A Brief History

Using the power of water is not new, a walk along many rivers will show evidence of leats and weirs. The new aspects to water power are the current drive on renewable and sustainable technology which is developing to ease our reliance on oil, and the associated financial incentives. This increased awareness, and more targets from government, are giving schemes better chances at the planning committee stage also. Modern technology is being deployed to allow a high degree of automation, reducing the need for continuous monitoring, and hence labour costs.

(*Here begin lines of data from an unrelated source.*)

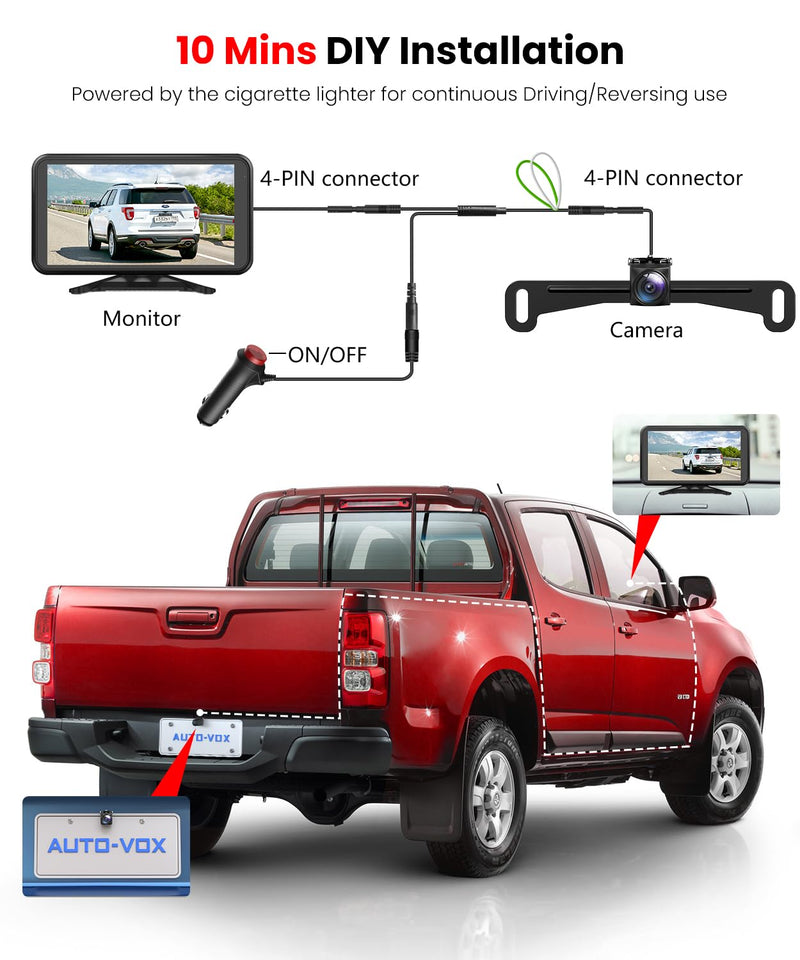 AUTO-VOX Backup Camera for Car Easy Setup Plug-Play: 4.8" 1080P No-Delay Clear Night Vision Rear View Camera, IP69K Waterproof 3X Zoom Back Up Camera Systems for Truck SUV Pickup Van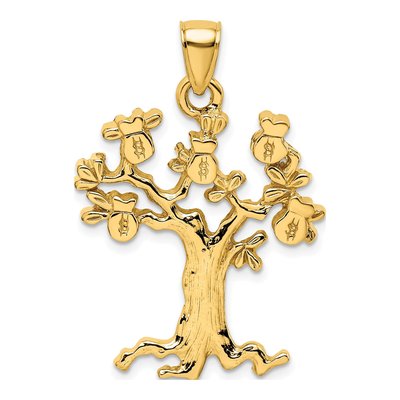 14K Yellow Gold Money Tree Pendant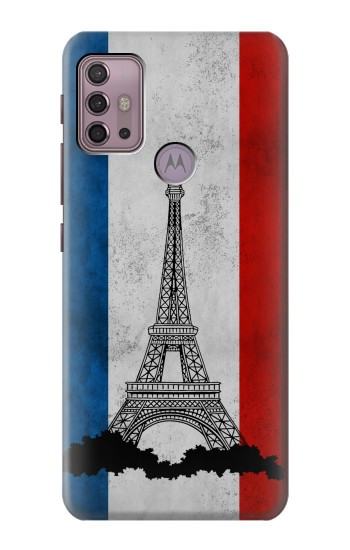 S2859 Vintage France Flag Eiffel Tower Hülle Schutzhülle Taschen für Motorola Moto G30, G20, G10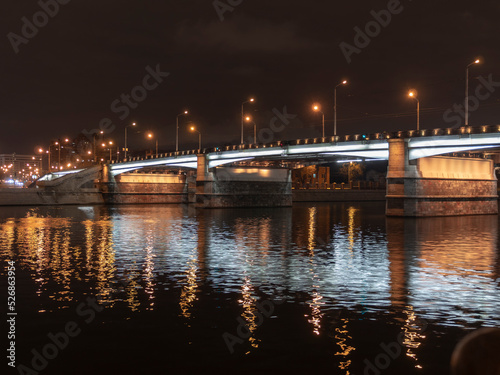 RUSSIA. MOSCOW - November 5, 2014. Embankment of the Moscow river. A Large Stone Bolshoy Kamenny Bridge Kremlin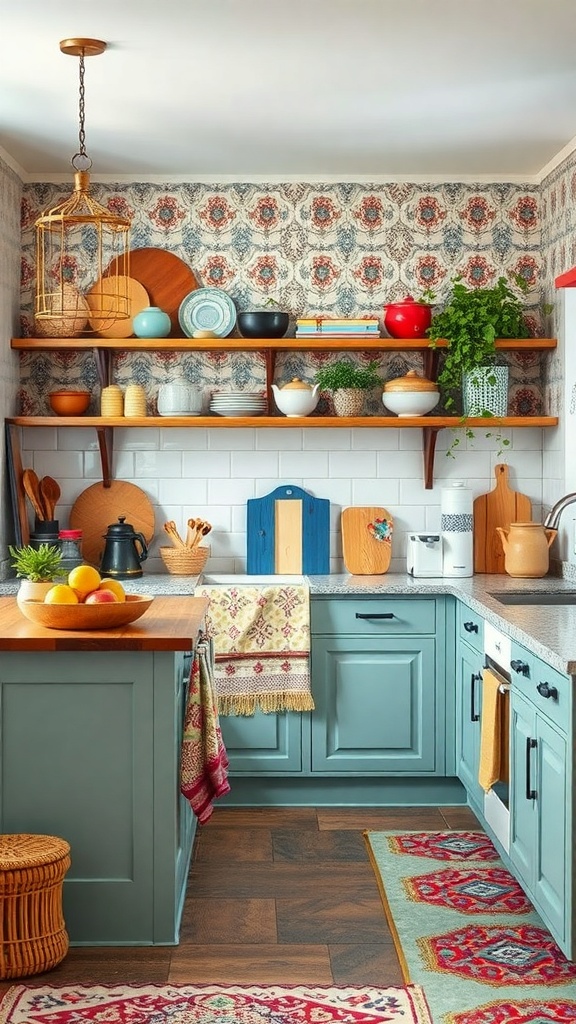 A boho kitchen featuring colorful dishes, patterned wallpaper, and vibrant textiles.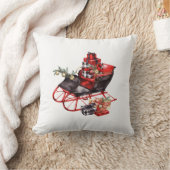 赤と黒のヴィンテージそりパッケージクリスマス クッション (ブランケット)
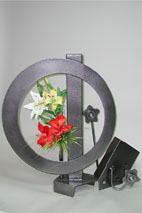 Jardiniere sculpture by metal sculptor craig brown, original welded metal sculpture and furniture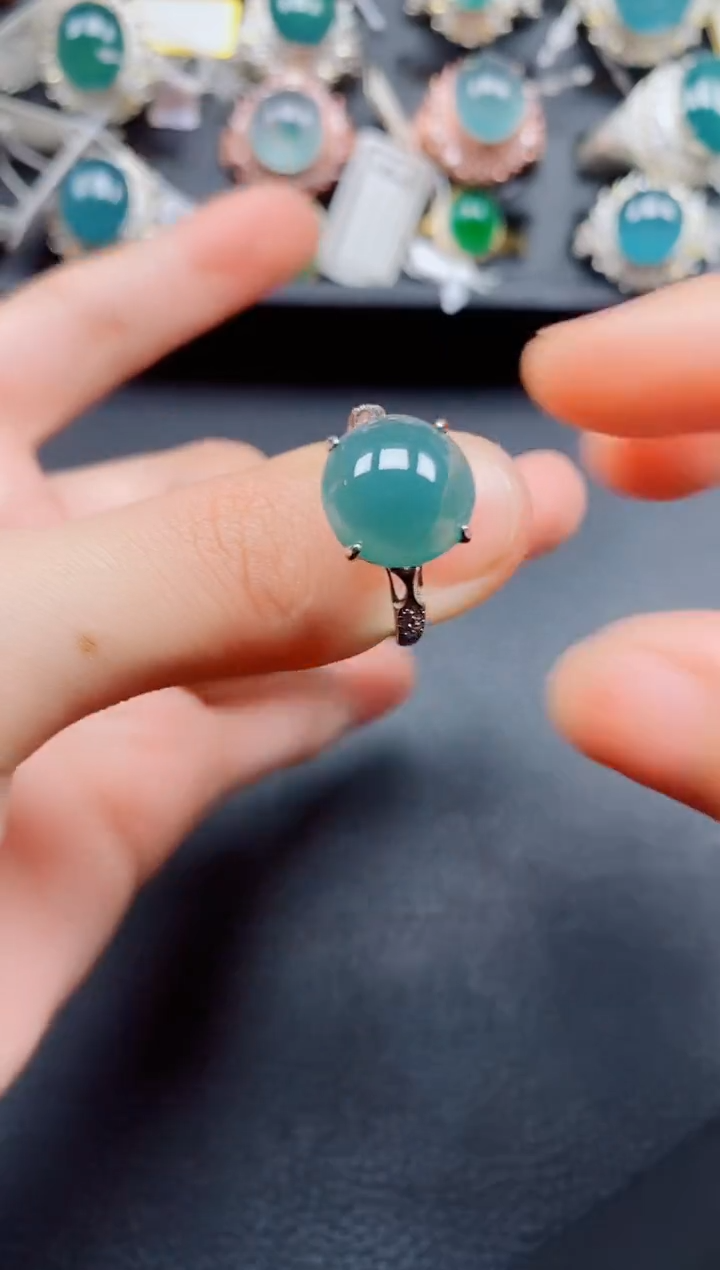 翡翠银S925镶嵌戒指翡翠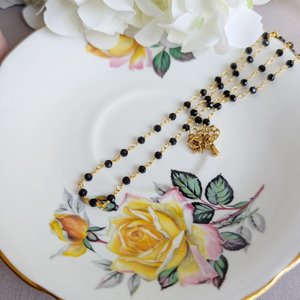 Black Beaded Rosary Chain Choker Necklace, Golden Brass Vintage Style Jewelry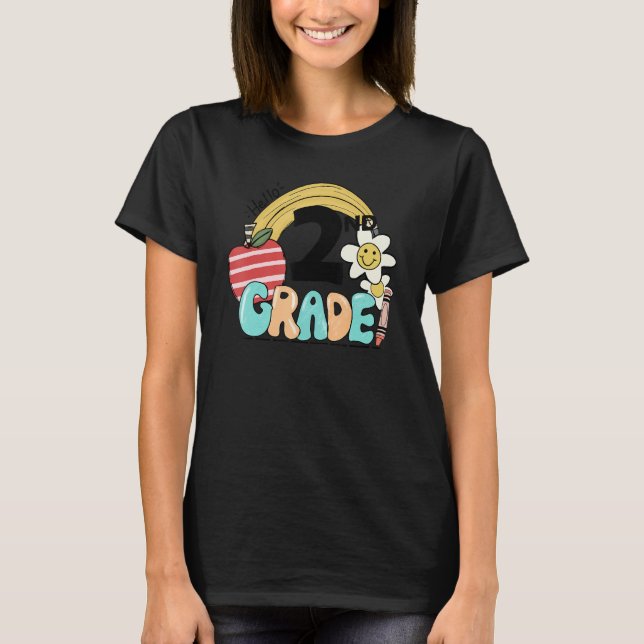 T-shirt Retro Hello 2nd Grade Floral Rainbow Second Grade  (Devant)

Water power was a driving force behind the industrial revolution, before the advent of steam engines it was recognised as an excellent energy source. Waterwheels abounded, powering workshops (for example Finch Foundry), pumped water from mines (Morwellham Quay), ground corn (many examples), and powered the first factories. With the advent of steam power, and later electricity and the internal combustion engine, many wheels fell out of use. Waterwheels are a simple method of extracting energy from water, but to extract the energy from a drop a wheel is required which is at least equal to the size of the drop. Hence they can be very large (for example the Laxey Wheel, or Welsh Slate Museum, Llanberis), and hence can rotate exceptionally slowly. This is not ideal for modern purposes of power generation. Water supply infrastructure usually required periodic maintenance and constant supervision and the water available did not always match the requirements for use. For these reasons, and the relatively low price of fossil fuels, mills often fell into disrepair, especially as the small mills themselves became unviable.

In the late 19th century new machines emerged, the design of which are still used today in some circumstances. They were small, and ran at high speed. This lent itself to power generation, and many early power plants were built using water power (for example Chagford).

Development continued through the 20th century, but again technology allowed fossil fuels to develop much further, as they tend to fit the centralised power generation system better. Where large potentials exist they have been exploited, as extensively in Scotland and elsewhere through the UK. Many early hydro electric power stations are still in use, some with original equipment, as their high initial cost is balanced by very low ongoing costs, creating a long term solution. Pumped storage systems have been used, as at Ffestiniog and Dinorwic which help the national grid to balance supply and demand, although these are not renewable energy sources, but essentially batteries. There are now changes occurring, in terms of how the grid is managed, which are tending to encourage small scale, local generation (‘embedded’ or ‘distributed’ in the jargon), and this is where small schemes can often now fit in.